**What is required:** Print the lines of the data, starting with the first, up to and including the line where "Electric Dancing Squid" appears.

**Web page caption snippets:**
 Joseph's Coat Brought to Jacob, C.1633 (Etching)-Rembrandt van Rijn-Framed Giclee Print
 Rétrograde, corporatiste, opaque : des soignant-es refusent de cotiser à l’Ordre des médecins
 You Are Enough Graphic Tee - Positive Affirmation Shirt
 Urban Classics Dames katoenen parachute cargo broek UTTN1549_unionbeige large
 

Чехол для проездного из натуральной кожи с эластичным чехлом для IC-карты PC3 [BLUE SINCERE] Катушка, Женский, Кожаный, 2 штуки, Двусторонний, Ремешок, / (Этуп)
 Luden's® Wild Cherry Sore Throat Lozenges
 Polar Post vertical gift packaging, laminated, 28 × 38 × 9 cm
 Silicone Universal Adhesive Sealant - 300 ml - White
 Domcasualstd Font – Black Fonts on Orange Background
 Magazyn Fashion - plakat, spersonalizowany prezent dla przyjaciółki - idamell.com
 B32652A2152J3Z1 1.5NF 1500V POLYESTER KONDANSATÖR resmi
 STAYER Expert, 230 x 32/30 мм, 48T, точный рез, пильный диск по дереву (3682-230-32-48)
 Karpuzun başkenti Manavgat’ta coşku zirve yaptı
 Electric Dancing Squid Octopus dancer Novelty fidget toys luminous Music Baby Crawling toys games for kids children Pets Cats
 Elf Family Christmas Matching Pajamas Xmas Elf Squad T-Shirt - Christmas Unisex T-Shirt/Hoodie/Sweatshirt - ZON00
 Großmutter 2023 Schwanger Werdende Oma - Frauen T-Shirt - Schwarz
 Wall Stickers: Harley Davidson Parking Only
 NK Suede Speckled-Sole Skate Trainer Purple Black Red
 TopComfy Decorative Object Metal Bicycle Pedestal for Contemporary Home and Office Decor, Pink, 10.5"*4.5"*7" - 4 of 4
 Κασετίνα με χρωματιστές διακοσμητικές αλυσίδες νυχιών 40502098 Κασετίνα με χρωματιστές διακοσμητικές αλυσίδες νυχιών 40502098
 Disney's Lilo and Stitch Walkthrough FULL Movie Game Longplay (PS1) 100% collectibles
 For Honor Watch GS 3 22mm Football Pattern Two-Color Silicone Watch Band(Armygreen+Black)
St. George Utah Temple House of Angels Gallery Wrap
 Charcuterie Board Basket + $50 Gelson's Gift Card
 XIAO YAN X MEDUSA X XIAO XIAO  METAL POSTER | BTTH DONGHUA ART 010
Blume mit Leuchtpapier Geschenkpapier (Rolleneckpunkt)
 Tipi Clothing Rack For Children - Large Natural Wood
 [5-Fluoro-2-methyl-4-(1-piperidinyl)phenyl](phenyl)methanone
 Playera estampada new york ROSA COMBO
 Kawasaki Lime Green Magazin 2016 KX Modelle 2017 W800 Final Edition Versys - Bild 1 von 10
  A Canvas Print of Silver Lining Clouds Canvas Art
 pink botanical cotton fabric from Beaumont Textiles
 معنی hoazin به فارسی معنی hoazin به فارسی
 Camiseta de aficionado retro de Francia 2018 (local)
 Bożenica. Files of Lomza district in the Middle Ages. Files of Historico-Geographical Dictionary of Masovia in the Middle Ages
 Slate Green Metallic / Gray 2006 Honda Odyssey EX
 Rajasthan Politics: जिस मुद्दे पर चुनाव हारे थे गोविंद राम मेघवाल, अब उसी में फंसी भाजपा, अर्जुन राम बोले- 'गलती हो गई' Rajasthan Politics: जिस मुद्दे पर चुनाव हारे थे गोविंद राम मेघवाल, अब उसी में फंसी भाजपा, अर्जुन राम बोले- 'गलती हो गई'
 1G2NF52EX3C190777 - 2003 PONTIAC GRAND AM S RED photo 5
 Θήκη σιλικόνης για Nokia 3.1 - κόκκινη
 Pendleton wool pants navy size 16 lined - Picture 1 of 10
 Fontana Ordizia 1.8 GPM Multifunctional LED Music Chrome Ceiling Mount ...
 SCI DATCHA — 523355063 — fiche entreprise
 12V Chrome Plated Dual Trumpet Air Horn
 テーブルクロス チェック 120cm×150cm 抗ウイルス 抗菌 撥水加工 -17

**Solution to the problem:**
 Joseph's Coat Brought to Jacob, C.1633 (Etching)-Rembrandt van Rijn-Framed Giclee Print
 Rétrograde, corporatiste, opaque : des soignant-es refusent de cotiser à l’Ordre des médecins
 You Are Enough Graphic Tee - Positive Affirmation Shirt
 Urban Classics Dames katoenen parachute cargo broek UTTN1549_unionbeige large
 

Чехол для проездного из натуральной кожи с эластичным чехлом для IC-карты PC3 [BLUE SINCERE] Катушка, Женский, Кожаный, 2 штуки, Двусторонний, Ремешок, / (Этуп)
 Luden's® Wild Cherry Sore Throat Lozenges
 Polar Post vertical gift packaging, laminated, 28 × 38 × 9 cm
 Silicone Universal Adhesive Sealant - 300 ml - White
 Domcasualstd Font – Black Fonts on Orange Background
 Magazyn Fashion - plakat, spersonalizowany prezent dla przyjaciółki - idamell.com
 B32652A2152J3Z1 1.5NF 1500V POLYESTER KONDANSATÖR resmi
 STAYER Expert, 230 x 32/30 мм, 48T, точный рез, пильный диск по дереву (3682-230-32-48)
 Karpuzun başkenti Manavgat’ta coşku zirve yaptı
 Electric Dancing Squid Octopus dancer Novelty fidget toys luminous Music Baby Crawling toys games for kids children Pets Cats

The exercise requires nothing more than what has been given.